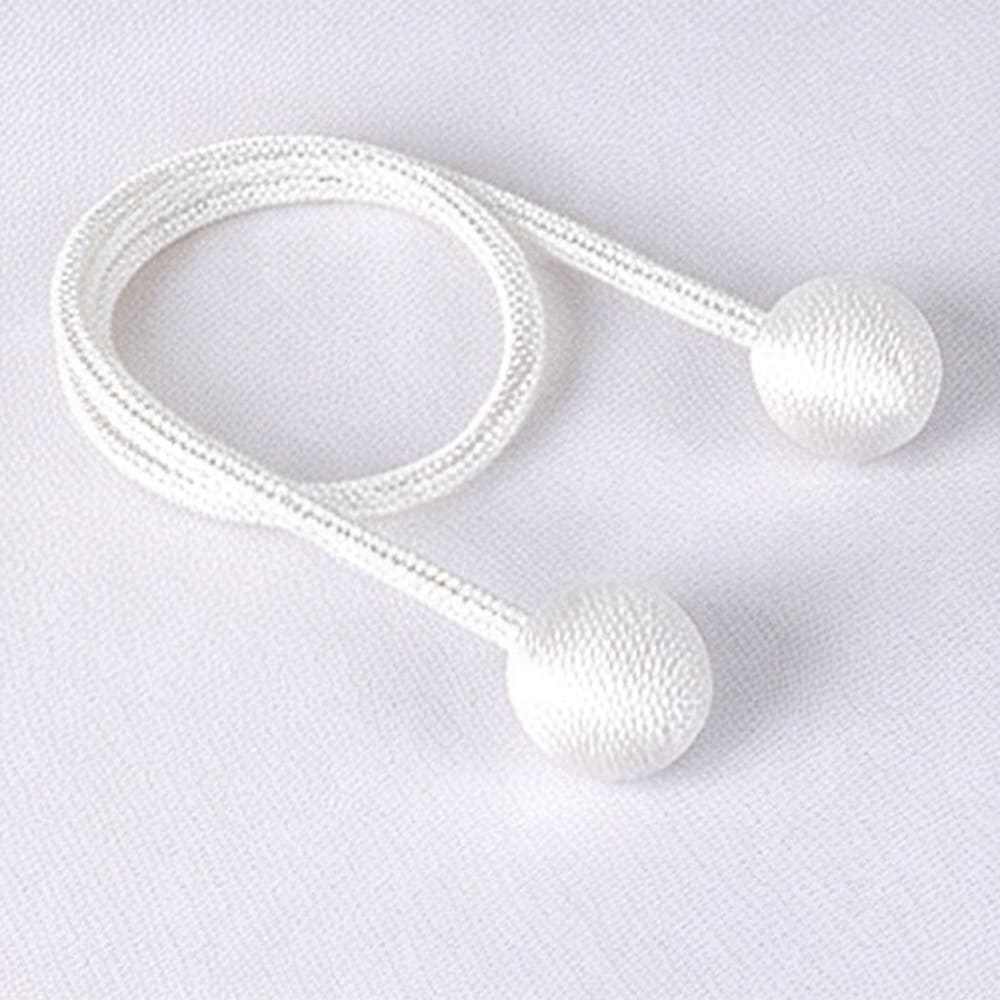 2 Pack Solid Color Ball Curtain Tiebacks, Magnetic Window Drape Holdbacks for Home Decor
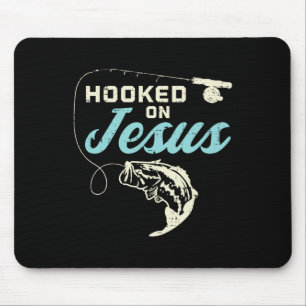 Hook On Jesus Byb Fishing Christian Religious God Mouse Pad
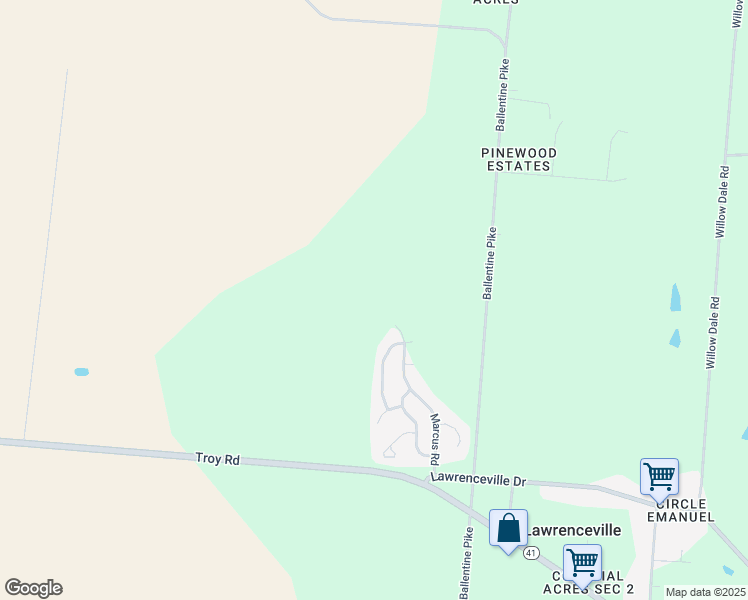 map of restaurants, bars, coffee shops, grocery stores, and more near Marcus Road in Springfield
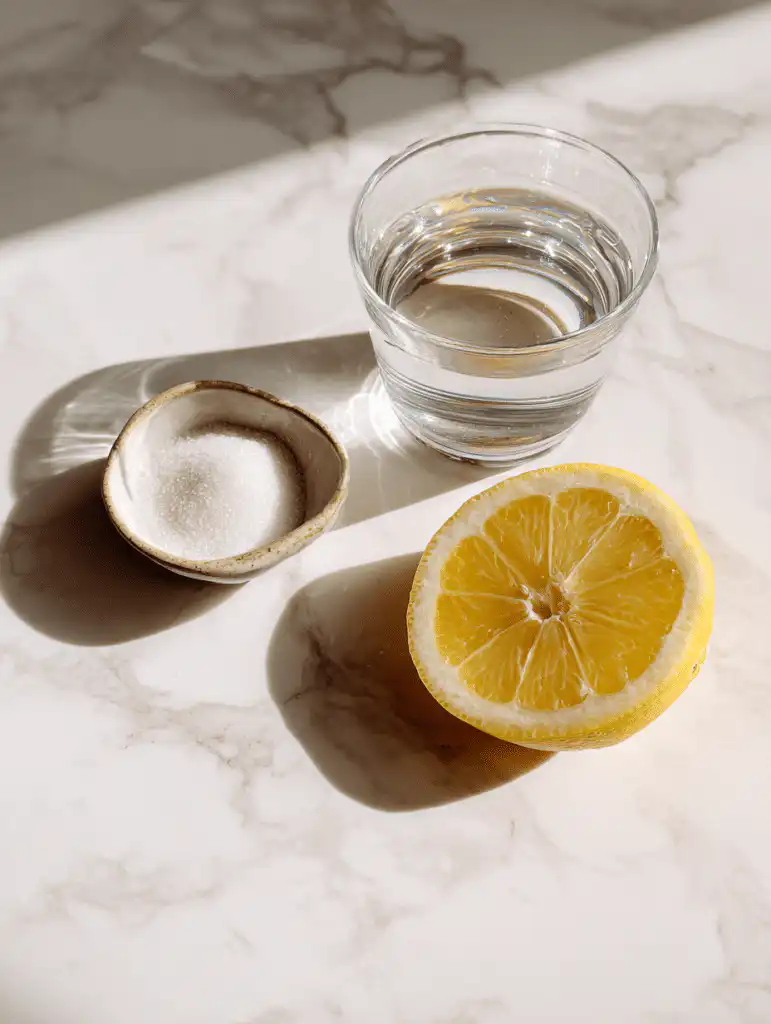 gelatin trick recipe ingredients unflavored gelatin water and lemon on marble surface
━━━━━━
#### Problem to solve
Pictures are not part of the copy; transcribe the rest of the data verbatim.

#### Answer to the problem
 2 Pack Solid Color Ball Curtain Tiebacks, Magnetic Window Drape Holdbacks for Home Decor
 Hook On Jesus Byb Fishing Christian Religious God Mouse Pad
 map of restaurants, bars, coffee shops, grocery stores, and more near Marcus Road in Springfield
 gelatin trick recipe ingredients unflavored gelatin water and lemon on marble surface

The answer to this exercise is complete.